Let me play out the narrative you'll hear over the next few hours.
Bo Porter got unfairly blamed.
The GM who fired him should be gone instead.
Crane picked Luhnow over Porter. He better be right.
How could Porter win with such a crappy team?
This will dominate the headlines. We'll see writers across the spectrum weigh in with opinions. Given that a number of sources from the Houston Chronicle (that'd be Houston's only mainstream media outlet, which largely drives perception about the teams it covers) will blast the Astros for this. You can guess who they might be already.
But, that's not important. The question of whether Bo Porter took the fall for organizational misfires is where we need to look.
It's simple. Bo Porter was going to be fired the day he took the job. There was no silver lining to this job for Porter. Managers who lose 100 games don't last long in baseball, no matter what team they've been given. It was assumed that Porter had the front office's backing and that he'd stay despite the losses.
That's because this rebuild was part of the plan. The Astros knew they'd lose and lose and lose. Jim Crane signed off on that when he hired Jeff Luhnow, who should have probably conveyed that to Bo Porter.
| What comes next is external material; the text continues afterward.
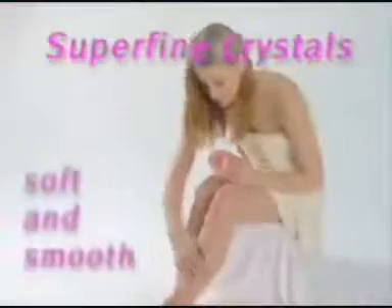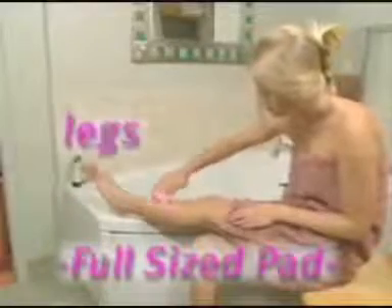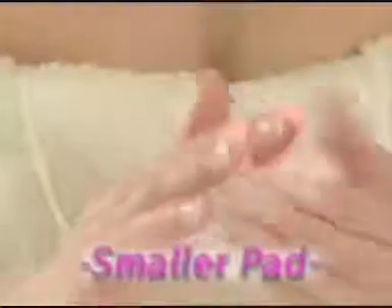Each Smoothlegs pad is covered with superfine crystals that painlessly remove unwanted hair, leaving your skin so soft and incredibly smooth. Use the full-size Smoothlegs pad for your legs, arms, and underarms, and the small one for smaller areas like the upper lip and chin. Smoothlegs works wonders on sensitive areas like the bikini line and will never leave those unsightly razor bumps.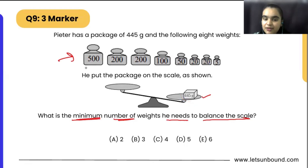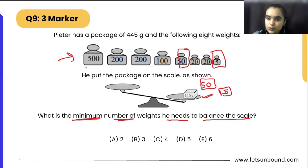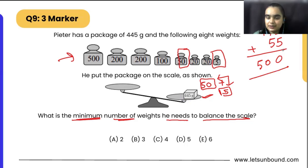So the easiest thing we can do: 445 grams is already here. Can we put maybe 50 grams more and then 5 grams more on the same side where we are having 445? So we are adding 55 grams more — 50 plus 5 is 55 — so our total becomes 500 grams on this side.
Yet, the Astros continued to underachieve. They lost more games last season than they expected for many reasons, but they still dropped 15 straight to end the year. They had expectations (unfair, though they may be) to get to .500 this season and have fallen short of that.
Who's fault is that?
Is it the guy picking the players?
Is it the guy tasked with getting the most out of those players?
Yes and yes. Both Luhnow and Porter are to blame for this year's record. Luhnow has overseen many more losses than wins in his three seasons at the helm of this team. The Astros have improved, but have they improved by enough?
Chris Carter finally broke out. Dallas Keuchel and Collin McHugh did too.
Yet, a troubling toxicity existed in the clubhouse. Don't let anyone fool you, though. It existed before Bo Porter came to town. It existed back in 2012 when Lucas Harrell complained in the clubhouse about the four-man rotation. It continued last summer when Bud Norris and Harrell continued to complain. It happened in 2012 when veteran players complained to Craig Biggio in the clubhouse about the lack of veteran support to lead a young ballclub.
There have also been plenty of rumors that Porter couldn't fill out his own lineup, that the front office told him who to play and he had to go along with it. If that's the case, who gets the blame for all those losses? What is Porter's job? Maybe it's to keep the clubhouse focused on the same goal, not to create strife within the organization.
This has been going on for a while now. It's not new.
So, does that put the timing into context? Was this about Bo Porter's insubordination with Luhnow rising to new levels over the weekend? Was it about someone leaking sources past the Chronicle to the national media to draw attention to the situation?
Or, was it really about changing the entitled air in the clubhouse? Put the Appel Bullpen stuff into this box, too. Put the comments Jarred Cosart continues to spit out into this box as well.
Something had to change. Turned out that change was Porter and Trembley leaving the past behind.
Porter was never sticking around a long time. If he had, it would have been news. Now? Inevitability finally caught up with him. That's not as fun a narrative, but it's probably the right one.